Cuando nieva no se patina sobre hielo. La gente opta por lanzarse en trineos improvisados, tapas de plástico o tablas por la misma colina donde en apenas unos meses estarán corriendo detrás de una pelota, sobre grama.
Hasta el más reacio se suma a la fascinación por esta materia. A escondidas, no falta quien inclinándose, haga con sus manos vuelo rasante por ese algodón aparente, quemándose un poco las yemas de los dedos. Algunos hunden su puño exprimiéndola, como si fuera barro o no fuera hielo. Otros, claro, hacen bolas y las tiran. El tutelaje se pierde. Padres e hijos quieren hacer lo mismo: descontrolarse. No hay instrucciones para jugar o desenfadarse en la nieve. Acaso advertencias. Ninguna autoridad.
También hay quienes esculpen. De hecho, un pulpo, un cisne y un súper muñeco de nieve fueron noticia en redes sociales durante la temporada.
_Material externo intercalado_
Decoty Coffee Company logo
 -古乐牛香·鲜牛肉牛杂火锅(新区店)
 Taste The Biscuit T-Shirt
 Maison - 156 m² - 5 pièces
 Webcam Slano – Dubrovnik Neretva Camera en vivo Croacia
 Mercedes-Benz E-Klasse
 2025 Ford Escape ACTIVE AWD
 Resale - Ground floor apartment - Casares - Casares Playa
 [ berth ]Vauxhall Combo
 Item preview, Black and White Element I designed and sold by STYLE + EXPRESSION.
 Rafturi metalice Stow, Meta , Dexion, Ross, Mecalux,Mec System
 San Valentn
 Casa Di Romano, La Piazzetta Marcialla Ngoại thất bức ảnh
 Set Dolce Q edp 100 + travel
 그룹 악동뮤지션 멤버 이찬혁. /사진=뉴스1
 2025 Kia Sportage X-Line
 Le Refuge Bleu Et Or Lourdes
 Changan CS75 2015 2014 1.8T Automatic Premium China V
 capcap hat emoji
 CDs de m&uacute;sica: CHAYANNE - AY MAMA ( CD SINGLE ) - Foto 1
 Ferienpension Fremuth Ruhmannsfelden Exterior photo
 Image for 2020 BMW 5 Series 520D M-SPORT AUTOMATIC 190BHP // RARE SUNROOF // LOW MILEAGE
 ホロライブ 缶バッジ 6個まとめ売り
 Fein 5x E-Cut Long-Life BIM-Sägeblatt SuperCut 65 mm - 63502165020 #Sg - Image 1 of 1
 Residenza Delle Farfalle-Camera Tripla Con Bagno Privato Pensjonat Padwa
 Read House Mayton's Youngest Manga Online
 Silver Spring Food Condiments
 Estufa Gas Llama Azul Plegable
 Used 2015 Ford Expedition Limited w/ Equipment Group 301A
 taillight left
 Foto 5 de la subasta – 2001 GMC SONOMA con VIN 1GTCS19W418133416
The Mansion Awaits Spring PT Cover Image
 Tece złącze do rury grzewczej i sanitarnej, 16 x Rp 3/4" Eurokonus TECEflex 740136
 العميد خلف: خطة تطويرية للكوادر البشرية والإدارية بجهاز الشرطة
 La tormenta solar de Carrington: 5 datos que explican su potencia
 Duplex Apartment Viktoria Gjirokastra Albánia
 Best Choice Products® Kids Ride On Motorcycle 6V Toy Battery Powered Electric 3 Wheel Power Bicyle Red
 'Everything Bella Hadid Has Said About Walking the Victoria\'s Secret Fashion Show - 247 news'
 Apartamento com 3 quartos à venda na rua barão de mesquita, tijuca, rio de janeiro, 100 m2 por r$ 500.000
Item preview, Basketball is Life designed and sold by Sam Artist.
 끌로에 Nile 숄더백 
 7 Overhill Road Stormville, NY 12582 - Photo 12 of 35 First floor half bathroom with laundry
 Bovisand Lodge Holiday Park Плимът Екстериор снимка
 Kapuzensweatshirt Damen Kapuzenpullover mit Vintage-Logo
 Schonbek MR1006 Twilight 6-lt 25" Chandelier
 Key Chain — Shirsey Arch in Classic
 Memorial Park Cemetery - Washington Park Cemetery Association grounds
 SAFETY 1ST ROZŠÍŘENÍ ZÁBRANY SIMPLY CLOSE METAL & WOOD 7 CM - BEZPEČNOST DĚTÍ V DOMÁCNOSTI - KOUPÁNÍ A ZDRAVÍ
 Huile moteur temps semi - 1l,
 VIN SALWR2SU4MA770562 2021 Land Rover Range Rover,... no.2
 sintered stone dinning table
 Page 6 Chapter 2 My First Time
Se trata de autores anónimos que legan memoria a la ciudad. Hay personas que acuden a esos sitios con la única misión de retratarse al lado de esos animales efímeros.
VI
Experiencias en espacios imposibles: pararse encima de un lago.
VII
Una rata veloz se aventura entre un arbusto que se abre paso entre capas de nieve. Un hombre fuma tranquilo en un puente cercano, sin mascarilla. Se queda allí, apoyado en la parte más pronunciada de la curva, mientras otros pasan y casi todos, se resbalan o patinan, voluntaria o involuntariamente. Desde un extremo, una muchacha toma fuerza, se impulsa y arroja, consiguiendo desplazarse unos metros, con las botas y las manos procurando equilibrio con el resto del cuerpo, surfeando. Patina sobre el hule de sus botas. Verla es divertido. Más allá, alguien se cae tomando una foto, se pone de pie y se vuelve a caer al instante.
VIII
Capturo tres pinos solos. Todo el suelo obedece al supuesto silencio de las cimas. Cada ser está situado en su cifra. Entiendo que al agitarme dejo huellas, pero no me importan.
IX
Cada cuerpo que se atraviesa ante mi cámara está desempeñando un rol. Es un actor. El sujeto que corre es un corredor bajo la nieve. Todos sus movimientos están articulados, así sea para mi fotografía.
X
Todo este hielo pronto será un río. Acaso ya lo sea y yo tenga frente a mí su pasado.